Economia

Economia

Warner Bros. rejeita oferta de US$ 108 bi da Paramount e reforça apoio à venda para a Netflix

Conselho considera proposta hostil inferior ao acordo já firmado com a Netflix e amplia disputa bilionária pelos ativos do estúdio.

Por Seridoense em 18 de dezembro de 2025

Foto: Getty Images

A disputa pelos ativos da Warner Bros. Discovery ganhou um novo capítulo nesta quarta-feira (17) após o conselho da empresa recomendar que seus acionistas rejeitem a proposta de aquisição de US$ 108,4 bilhões apresentada pela Paramount Skydance. O posicionamento reforça o apoio ao acordo já firmado com a Netflix, considerado mais vantajoso no momento.

A Paramount apresentou a oferta de forma hostil, avançando diretamente aos acionistas em busca de apoio, mas o conselho da Warner classificou a proposta como “inferior” ao plano de fusão acertado anteriormente com a Netflix.

No dia 5 de dezembro, a Netflix anunciou um acordo para adquirir os estúdios de cinema e TV, além da divisão de streaming HBO Max, por US$ 72 bilhões. Com a assunção das dívidas, o valor total pode chegar a US$ 82,7 bilhões. Três dias depois, a Paramount tentou frustrar o negócio oferecendo uma quantia maior — porém ainda sem convencer os executivos da Warner.

Em comunicado, a Warner argumentou que o acordo com a Netflix representa uma aliança sólida, com compromisso financeiro definido e potencial para ampliar o alcance global do catálogo da companhia.
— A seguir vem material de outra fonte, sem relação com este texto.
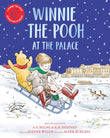 Front cover of the book 'Winnie-the-Pooh at the Palace' by Jeanne Willis, Mark Burgess.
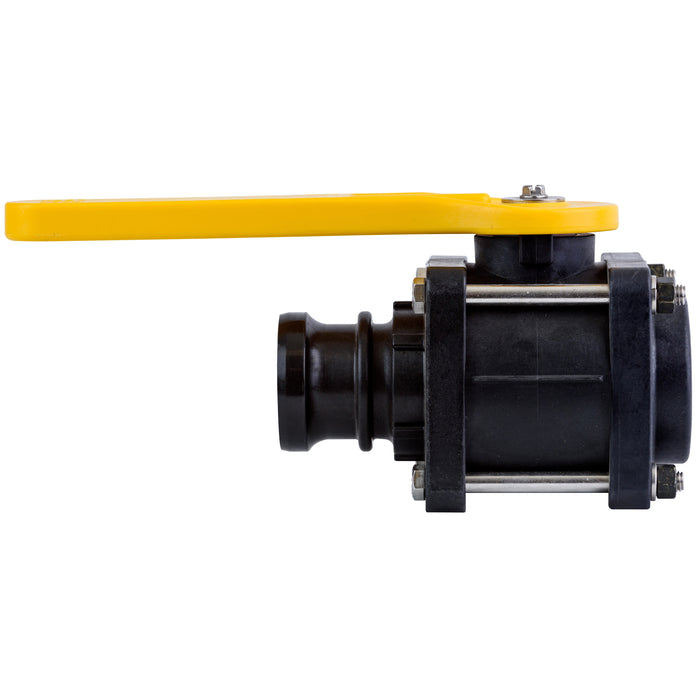 Ball Valve Full Port 2" Male Adapter x 2" Female NPT 4 Bolt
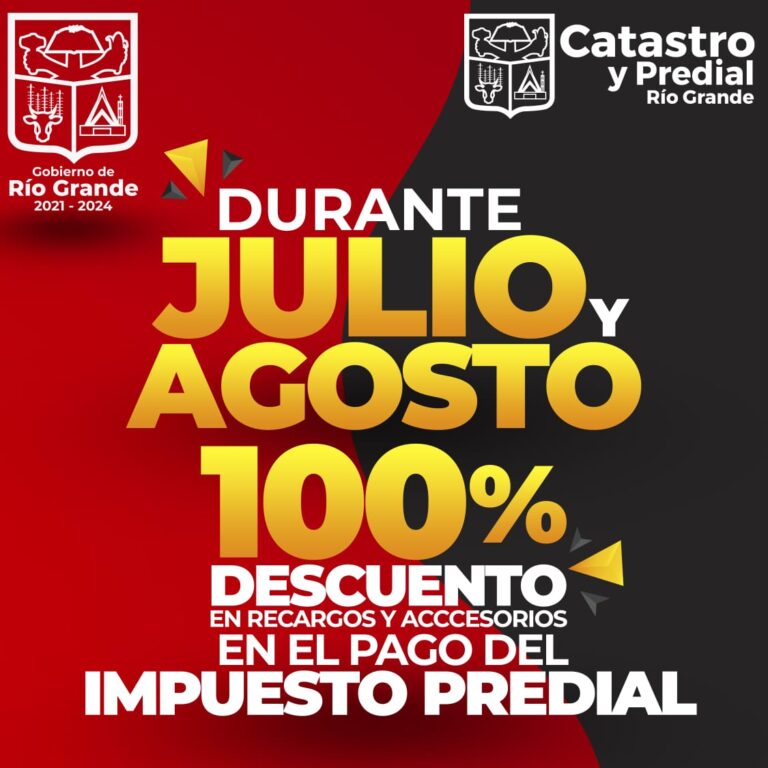 Ofrece ayuntamiento de Río Grande descuento en recargos y multas de predial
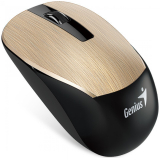 MOUSE Genius, NX-7015, PC sau NB, wireless, 2.4GHz, optic, 1600 dpi, butoane/scroll 3/1, , auriu, 31030019402 (timbru verde 0.18 lei) 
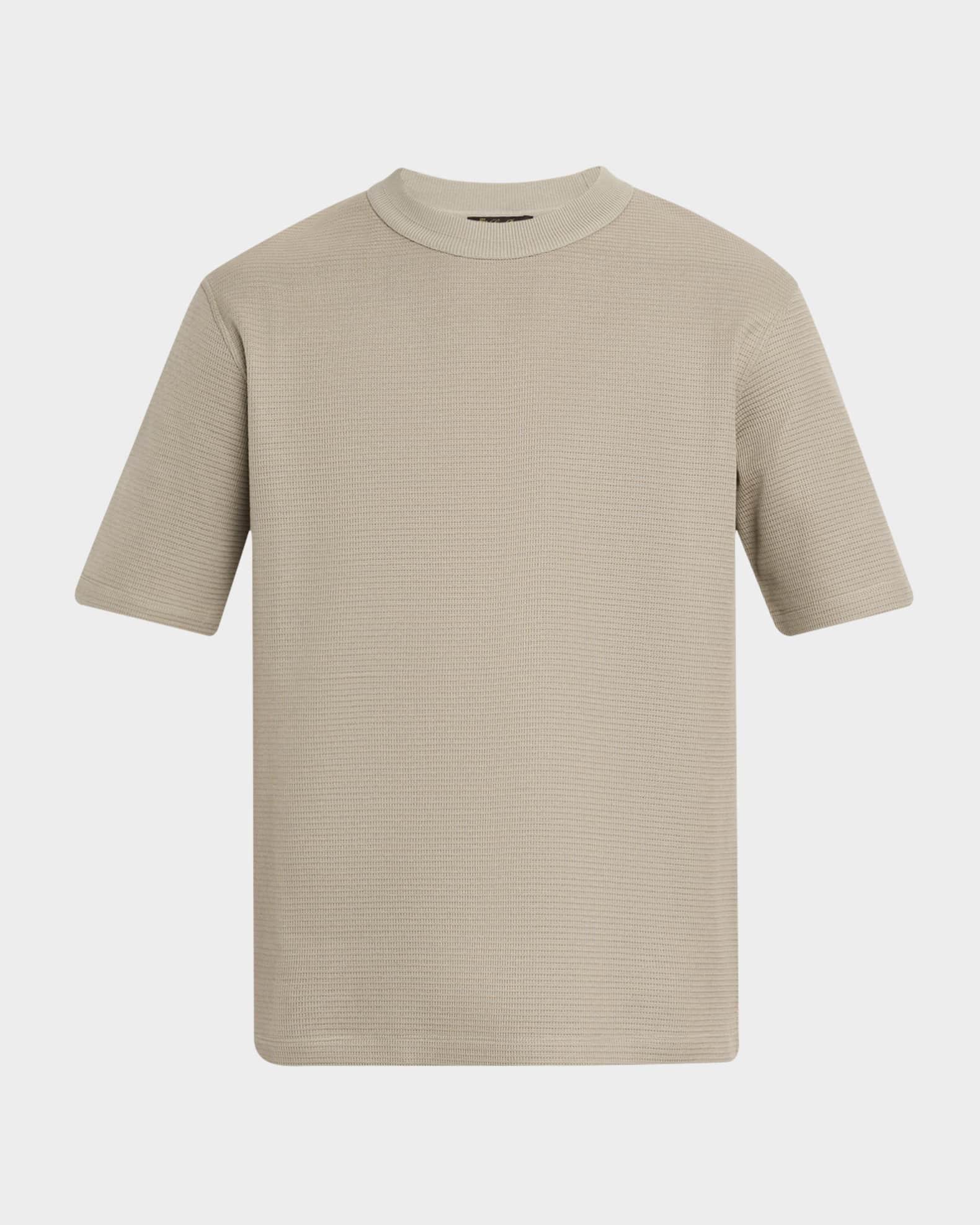 Men's Perledo Textured Cotton Crewneck T-Shirt Product Image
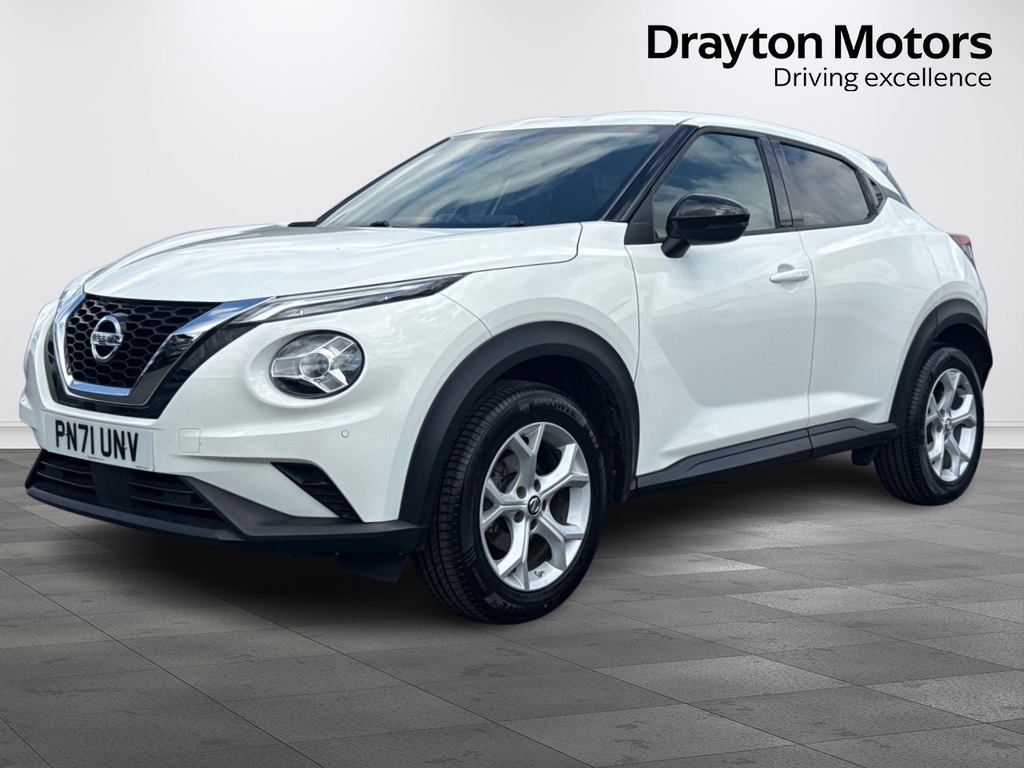 Nissan Juke 1.0 Dig-t N-connecta Suv Euro 6 PN71UNV White #4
O pacote de conteúdos da Warner inclui algumas das produções mais valiosas de Hollywood, como Harry Potter, Friends, franquias da DC, clássicos como Casablanca e Cidadão Kane, além das produções e do catálogo HBO.
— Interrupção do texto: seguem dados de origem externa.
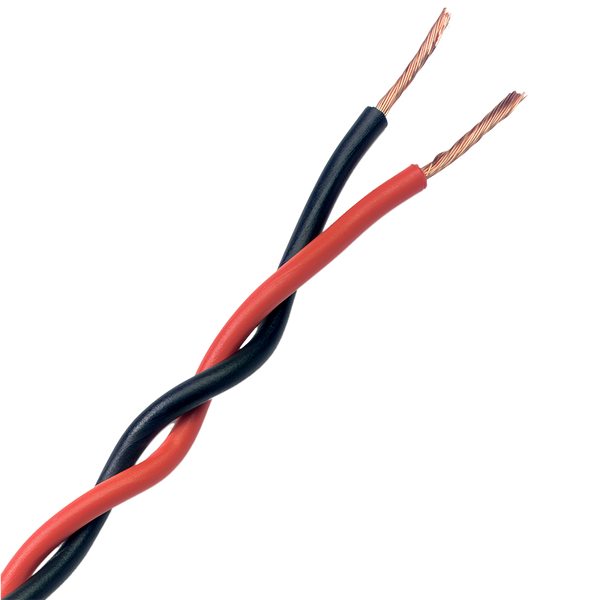Cable de Alarma de Incendios Trenzado (Libre de Halógenos) 2x1.5 mm² (ROJO-NEGRO) [KAL21]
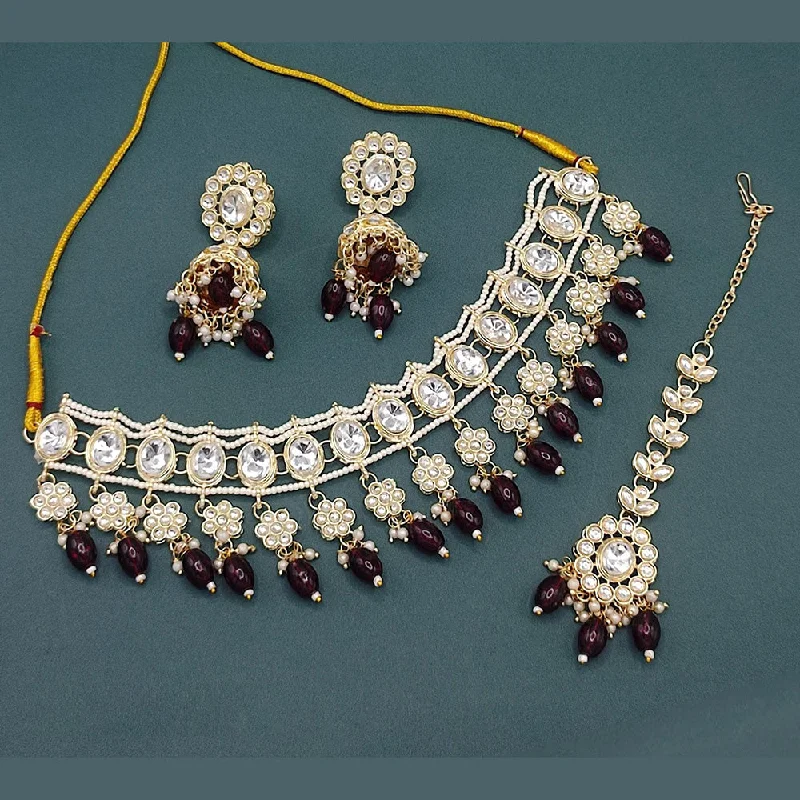 Unique Jewelry For Less – Shop The Sale Now JewelMaze Gold Plated Crystal Stone And Pearls choker Necklace Set Unique Jewelry For Less – Shop The Sale Now JewelMaze Gold Plated Crystal Stone And Pearls choker Necklace Set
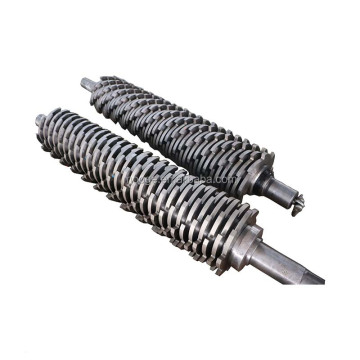 Rotor- und Stator -Shredder -Klingen für Plastik-, Gummi- und Reifenrecycling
A empresa destacou que a parceria com a Netflix pode gerar crescimento estratégico de longo prazo, oferecendo ao público mais opções de conteúdo e fortalecendo o ecossistema criativo com maior capacidade de distribuição.

Netflix x Paramount: dois caminhos distintos

Apesar da oferta bilionária, a Paramount ainda enfrenta desvantagens. A proposta prevê pagamento de US$ 30 por ação em dinheiro, superando o valor por ação implícito da Netflix, mas não apresenta, segundo especialistas, garantia de financiamento tão sólida quanto a competição.
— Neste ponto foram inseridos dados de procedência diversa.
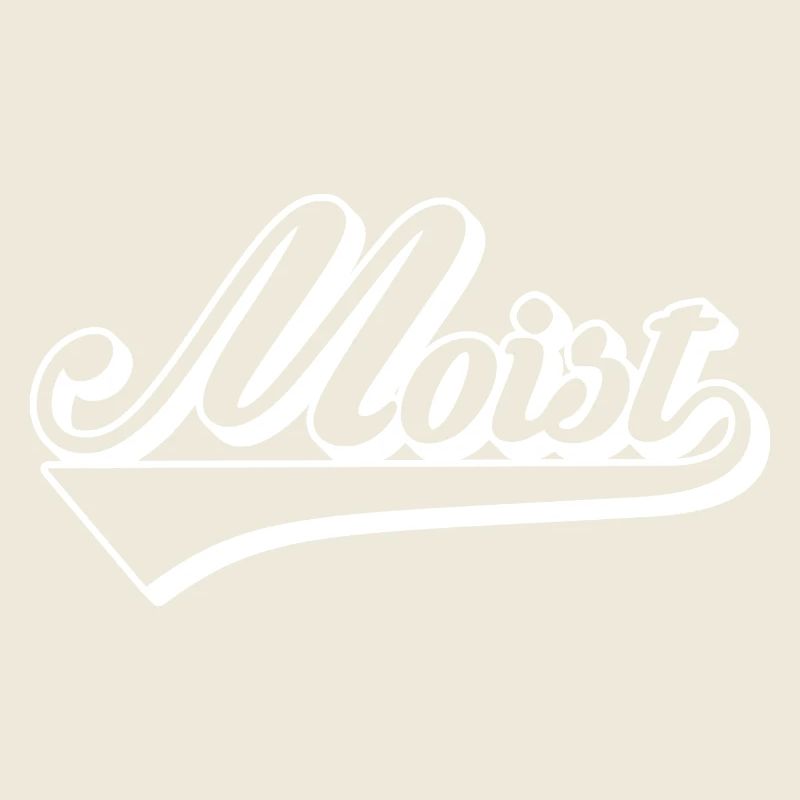 Mobiz Retro Script Logo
Já a Netflix atraiu o mercado ao propor:

  • manutenção de lançamentos cinematográficos da Warner nas salas de cinema;

  • compra majoritariamente em dinheiro;

  • compromisso com continuidade de marcas fortes do estúdio.

O acordo ainda requer aprovação de órgãos reguladores dos EUA, processo que pode ser acompanhado de perto por autoridades políticas, já mobilizadas desde o anúncio inicial.

Impactos na guerra do streaming

Quem vencer a disputa deve assumir posição de destaque em um mercado em constante transformação. A incorporação do acervo da Warner poderá:

  • fortalecer a presença no streaming global,

  • reduzir dependência de conteúdo externo,

  • abrir espaço para expansão em novos formatos, como games e eventos ao vivo.

A Paramount, por sua vez, busca consolidar-se como um player mais competitivo, especialmente diante da Netflix e de empresas de tecnologia que ampliam sua atuação na indústria do entretenimento.

Enquanto isso, executivos, investidores e reguladores acompanham o desfecho de uma das negociações mais relevantes do setor nas últimas décadas.